_Task_: Below are the entries; give again exactly the lines from the one mentioning "WhatsApp está siendo" through the one mentioning "Homme Plissé Issey Miyake Pleated T Shirt", inclusive.

+ + +

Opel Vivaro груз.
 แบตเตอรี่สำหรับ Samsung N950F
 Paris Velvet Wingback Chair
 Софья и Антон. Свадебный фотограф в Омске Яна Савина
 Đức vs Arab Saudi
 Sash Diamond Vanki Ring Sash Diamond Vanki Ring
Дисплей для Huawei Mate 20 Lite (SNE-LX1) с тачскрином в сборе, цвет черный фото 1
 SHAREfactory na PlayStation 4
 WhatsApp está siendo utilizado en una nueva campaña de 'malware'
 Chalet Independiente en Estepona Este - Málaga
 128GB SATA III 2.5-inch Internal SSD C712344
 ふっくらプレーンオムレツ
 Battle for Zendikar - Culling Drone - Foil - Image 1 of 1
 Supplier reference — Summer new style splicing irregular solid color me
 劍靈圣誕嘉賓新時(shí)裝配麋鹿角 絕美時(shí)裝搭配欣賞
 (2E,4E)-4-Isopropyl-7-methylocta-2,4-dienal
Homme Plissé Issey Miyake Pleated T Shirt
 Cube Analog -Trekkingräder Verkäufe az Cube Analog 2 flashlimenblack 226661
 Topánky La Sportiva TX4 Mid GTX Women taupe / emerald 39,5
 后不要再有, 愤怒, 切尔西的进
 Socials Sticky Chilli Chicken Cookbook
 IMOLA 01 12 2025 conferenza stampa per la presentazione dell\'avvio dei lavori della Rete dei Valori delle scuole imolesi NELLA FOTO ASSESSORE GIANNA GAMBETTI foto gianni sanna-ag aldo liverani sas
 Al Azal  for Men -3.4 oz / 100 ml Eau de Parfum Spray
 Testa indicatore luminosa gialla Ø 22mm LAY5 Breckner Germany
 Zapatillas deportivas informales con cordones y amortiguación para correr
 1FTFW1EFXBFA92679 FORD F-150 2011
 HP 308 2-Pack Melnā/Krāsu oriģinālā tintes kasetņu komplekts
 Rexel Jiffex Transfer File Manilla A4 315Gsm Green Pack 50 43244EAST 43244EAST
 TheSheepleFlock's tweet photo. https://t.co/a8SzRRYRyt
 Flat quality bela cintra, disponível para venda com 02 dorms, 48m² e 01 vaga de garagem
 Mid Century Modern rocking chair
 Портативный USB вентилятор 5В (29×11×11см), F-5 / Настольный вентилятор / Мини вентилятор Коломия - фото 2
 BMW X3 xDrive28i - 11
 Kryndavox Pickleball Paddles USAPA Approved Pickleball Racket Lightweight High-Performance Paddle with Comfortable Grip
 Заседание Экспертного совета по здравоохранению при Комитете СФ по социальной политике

+ + +

_Result for this exercise_:
 WhatsApp está siendo utilizado en una nueva campaña de 'malware'
 Chalet Independiente en Estepona Este - Málaga
 128GB SATA III 2.5-inch Internal SSD C712344
 ふっくらプレーンオムレツ
 Battle for Zendikar - Culling Drone - Foil - Image 1 of 1
 Supplier reference — Summer new style splicing irregular solid color me
 劍靈圣誕嘉賓新時(shí)裝配麋鹿角 絕美時(shí)裝搭配欣賞
 (2E,4E)-4-Isopropyl-7-methylocta-2,4-dienal
Homme Plissé Issey Miyake Pleated T Shirt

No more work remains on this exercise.